List.RemoveAt() Causing Huge Memory Allocation

So one of my scripts is causing a very large Garbage Collection Allocation in the Unity Profiler. I have narrowed the cause down to one of my Generic Lists. Every frame the List.Add() function is called along with List.RemoveAt(0). When I comment out the List.RemoveAt(0) the memory allocation remains at 100 bytes, but when I un-comment it again the allocation jumps to 211 kilobytes! What is happening!? If anyone has any idea, any help would be greatly appreciated! Thanks.

If you plan to remove the first element every frame, a standard list may not be the best approach. You should use a form of Linked List instead, so that removing the first element is a simple O(1) operation (I think that’s right…been a while since I’ve thought about O(n) type stuff).

However, the problem you have is that you are commenting out the removal of the first element, so if you are also adding new elements every frame, the memory will grow continually.
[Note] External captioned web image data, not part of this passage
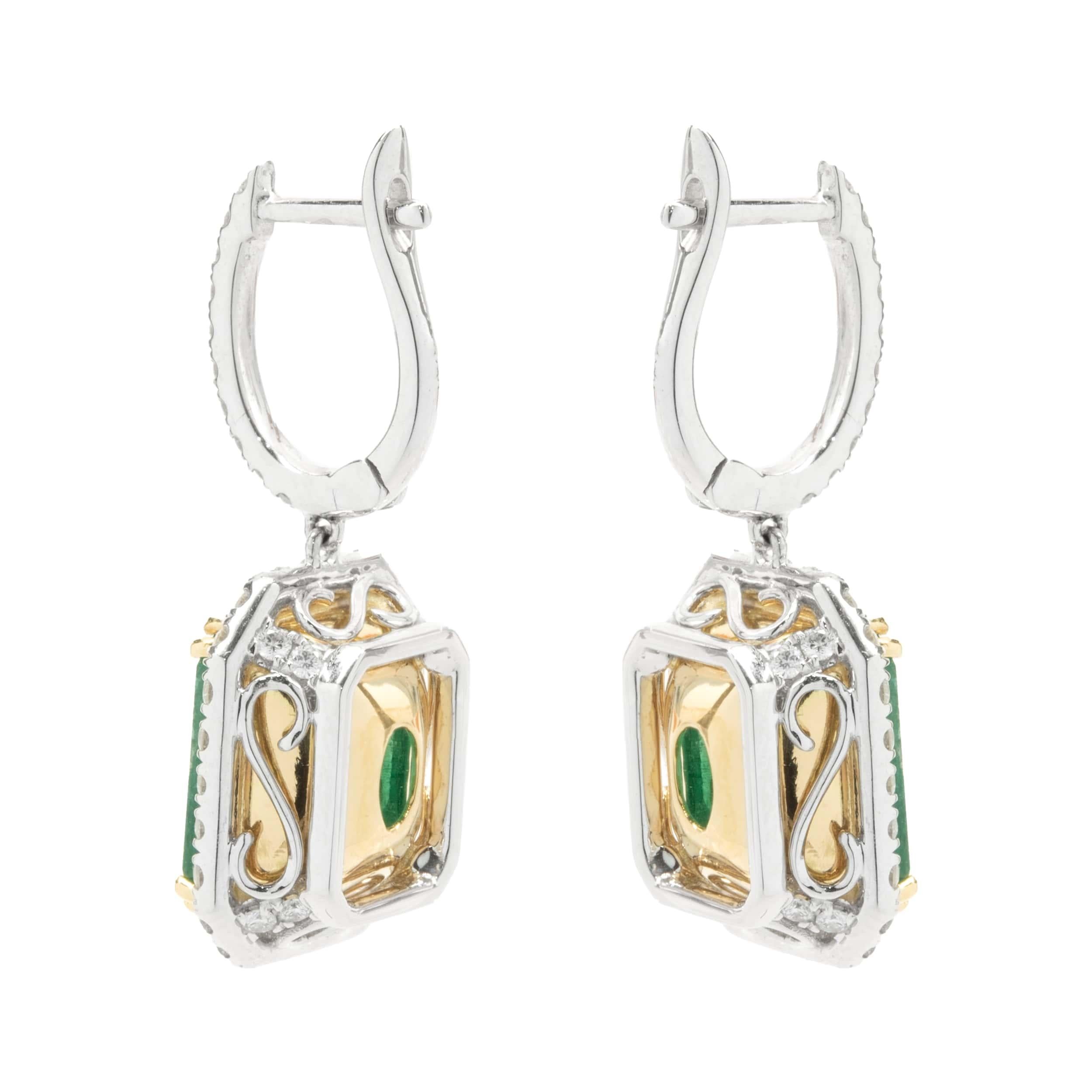 Designer: custom
Material: 18K white & yellow gold
Emerald: 2 emerald cut = 10.99cttw
Color: Kelly Green
Clarity: AA
Diamond: 88 round brilliant cut = 1.10cttw
Color: G
Clarity: VS2
Dimensions: earrings measure 15mm
Weight: 11.00 grams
That’s expected.

A List datastype is actually a resizing array, as shown recently when the C# code was open sourced.

What this means is that the list is initialized as an array with a set capacity, 4 by default. If you try to add a 5th element, a new array of size 8 is created, the first 4 are copied, and the 5th is added. If you try to add a 9th element, a new array of size 16 is created, the first 8 are copied and the 9th is added.

This amortizes the cost of adding an element to a list pretty nicely, since the size doubles each time and the copy operation only happens when you reach max.
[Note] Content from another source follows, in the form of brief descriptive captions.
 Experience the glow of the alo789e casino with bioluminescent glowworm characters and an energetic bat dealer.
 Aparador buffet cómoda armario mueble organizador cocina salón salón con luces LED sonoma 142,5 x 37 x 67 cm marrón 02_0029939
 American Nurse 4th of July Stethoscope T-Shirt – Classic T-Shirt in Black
On the flip side, this means that removing an element from the array is really, really, really fucking costly. A lot. Unless you remove it from the end!

If you have a list with 1000 items and you remove at 0, you have to copy 999 items to the new array, each offset by 1. If you remove at 999, you do nothing but mark the length of the list as being a little smaller and say that element 999 doesn’t exist anymore.

So if you can find a way to reverse the order of your list and remove at the end rather than the start, you’ll shave off nearly 100% of the overhead.

And I disagree with @AlwaysSunny. 0.2mb is a lot, relative to the size of this operation. But maybe that’s just my perspective coming from the embedded systems world where 200kb of program memory is a lot, let alone 200kb of RAM.